Escape into insecurity: Iraqi refugees find a precarious home in Jordan
National Catholic Reporter, August 3, 2007 by Noah Merrill
In February, journalist Noah Merrill went to Amman, Jordan and spent six weeks interviewing Iraqi refugees there. Most of the 750,000 to a million refugees now living in Jordan have come in the last four years, but the number includes refugees who arrived prior to the 2003 U.S. invasion of Iraq. The Iraqi diaspora must be seen within the perspective of 30 years of Iraqi suffering, beginning with the Iran-Iraq war that killed more than a million, Merrill said.
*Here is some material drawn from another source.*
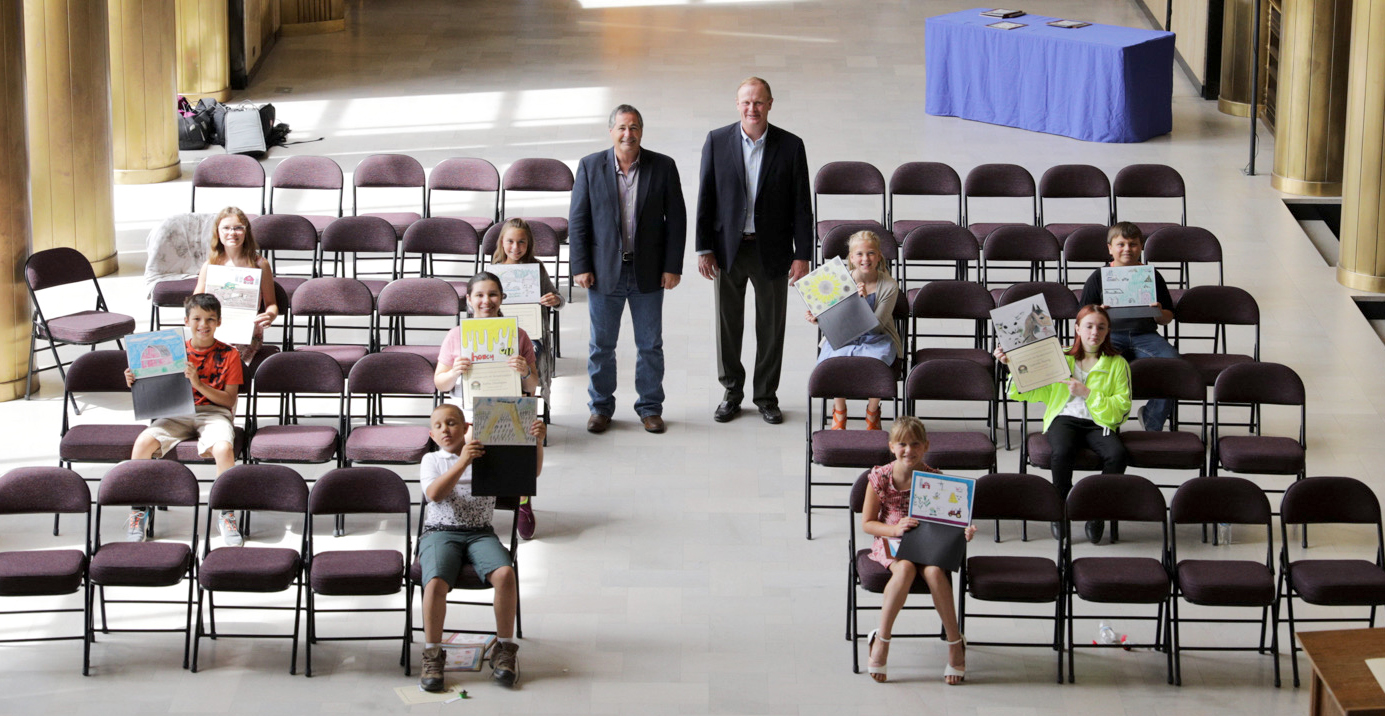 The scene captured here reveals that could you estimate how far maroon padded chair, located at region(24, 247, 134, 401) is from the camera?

The following are stories of five refugees now living in Amman.
Moustafa Samir Hassan
Moustafa Samir Hassan was born in Baghdad in 1981. "In the beginning," he said, "I was a normal man."
The event that changed his life came on April 1, 2003, eight days before the collapse of the regime of Saddam Hussein.
Moustafa had climbed up to the roof of his house in the Karrada neighborhood of Baghdad--close to some former regime ministers' houses that were being bombed by the United States and its allies--to adjust his TV antenna so he could find out what was happening.
Cluster bombs caused shaking like an earthquake, and Moustafa was thrown two stories to the garden below.
At the hospital, he discovered his spine had been broken in two places. Moustafa had three operations in Baghdad before he regained feeling in the top half of his body. A surgeon implanted a platinum brace on his spine to hold the broken pieces together.
After experiencing intense pain, Moustafa found another doctor, who told Moustafa that his body was rejecting the brace, which needed to be repaired. But all of the good doctors had fled or been killed.
Moustafa went to the American forces and the government of Iraq seeking support and access to medical care, but only got letters from the Department of Defense taking no responsibility for his injury or offering any financial restitution.
Moustafa took many risks as he rolled himself around Baghdad in his wheelchair. "I went to anyone who might listen. I want you to believe that I left no door un-knocked in Baghdad." He even wrote to Oprah, he said, but she didn't respond.
Going in and out of areas controlled by U.S. forces put Moustafa in danger: People in his neighborhood began to warn him that resistance fighters might consider him a spy or a collaborator. On his last visit to one of the offices of the American forces, Moustafa was nearly kidnapped by a taxi driver affiliated with an insurgent group.
With the help of his extended family, Moustafa came to Jordan in 2005. A doctor at a hospital in Amman said he could do the operation at a cost of 2,000 Jordanian dinar, or about $2,800. Moustafa went back to Baghdad, where for months he tried to borrow money from friends and relatives. Finally, he raised the money and came back to Amman with his mother and brother.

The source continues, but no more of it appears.